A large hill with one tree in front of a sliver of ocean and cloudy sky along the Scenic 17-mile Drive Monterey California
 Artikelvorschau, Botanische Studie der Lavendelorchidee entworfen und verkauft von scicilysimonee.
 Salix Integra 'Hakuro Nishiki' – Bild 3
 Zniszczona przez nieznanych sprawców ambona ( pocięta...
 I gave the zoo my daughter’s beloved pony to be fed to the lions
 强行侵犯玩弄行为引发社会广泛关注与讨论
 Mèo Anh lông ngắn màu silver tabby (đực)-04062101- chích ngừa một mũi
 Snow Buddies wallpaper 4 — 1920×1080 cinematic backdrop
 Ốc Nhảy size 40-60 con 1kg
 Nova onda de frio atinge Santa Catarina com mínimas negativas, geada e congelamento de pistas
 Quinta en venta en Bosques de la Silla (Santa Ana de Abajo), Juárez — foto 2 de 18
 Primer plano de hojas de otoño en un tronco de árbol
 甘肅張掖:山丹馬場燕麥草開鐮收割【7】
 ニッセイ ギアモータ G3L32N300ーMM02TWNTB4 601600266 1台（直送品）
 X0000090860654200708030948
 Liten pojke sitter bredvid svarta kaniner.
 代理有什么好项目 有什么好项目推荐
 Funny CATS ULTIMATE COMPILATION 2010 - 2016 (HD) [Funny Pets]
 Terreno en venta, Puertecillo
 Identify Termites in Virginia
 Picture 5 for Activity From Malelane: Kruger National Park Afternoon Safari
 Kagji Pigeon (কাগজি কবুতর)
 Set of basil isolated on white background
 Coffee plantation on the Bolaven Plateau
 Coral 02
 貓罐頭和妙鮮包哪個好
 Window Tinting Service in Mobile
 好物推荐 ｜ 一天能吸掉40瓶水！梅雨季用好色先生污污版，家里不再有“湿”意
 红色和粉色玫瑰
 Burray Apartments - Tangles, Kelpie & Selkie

++++++++

- [ASSIGNMENT]: You are asked to transcribe all of the data above exactly.

- [ANSWER FOR THIS EXERCISE]:
A large hill with one tree in front of a sliver of ocean and cloudy sky along the Scenic 17-mile Drive Monterey California
 Artikelvorschau, Botanische Studie der Lavendelorchidee entworfen und verkauft von scicilysimonee.
 Salix Integra 'Hakuro Nishiki' – Bild 3
 Zniszczona przez nieznanych sprawców ambona ( pocięta...
 I gave the zoo my daughter’s beloved pony to be fed to the lions
 强行侵犯玩弄行为引发社会广泛关注与讨论
 Mèo Anh lông ngắn màu silver tabby (đực)-04062101- chích ngừa một mũi
 Snow Buddies wallpaper 4 — 1920×1080 cinematic backdrop
 Ốc Nhảy size 40-60 con 1kg
 Nova onda de frio atinge Santa Catarina com mínimas negativas, geada e congelamento de pistas
 Quinta en venta en Bosques de la Silla (Santa Ana de Abajo), Juárez — foto 2 de 18
 Primer plano de hojas de otoño en un tronco de árbol
 甘肅張掖:山丹馬場燕麥草開鐮收割【7】
 ニッセイ ギアモータ G3L32N300ーMM02TWNTB4 601600266 1台（直送品）
 X0000090860654200708030948
 Liten pojke sitter bredvid svarta kaniner.
 代理有什么好项目 有什么好项目推荐
 Funny CATS ULTIMATE COMPILATION 2010 - 2016 (HD) [Funny Pets]
 Terreno en venta, Puertecillo
 Identify Termites in Virginia
 Picture 5 for Activity From Malelane: Kruger National Park Afternoon Safari
 Kagji Pigeon (কাগজি কবুতর)
 Set of basil isolated on white background
 Coffee plantation on the Bolaven Plateau
 Coral 02
 貓罐頭和妙鮮包哪個好
 Window Tinting Service in Mobile
 好物推荐 ｜ 一天能吸掉40瓶水！梅雨季用好色先生污污版，家里不再有“湿”意
 红色和粉色玫瑰
 Burray Apartments - Tangles, Kelpie & Selkie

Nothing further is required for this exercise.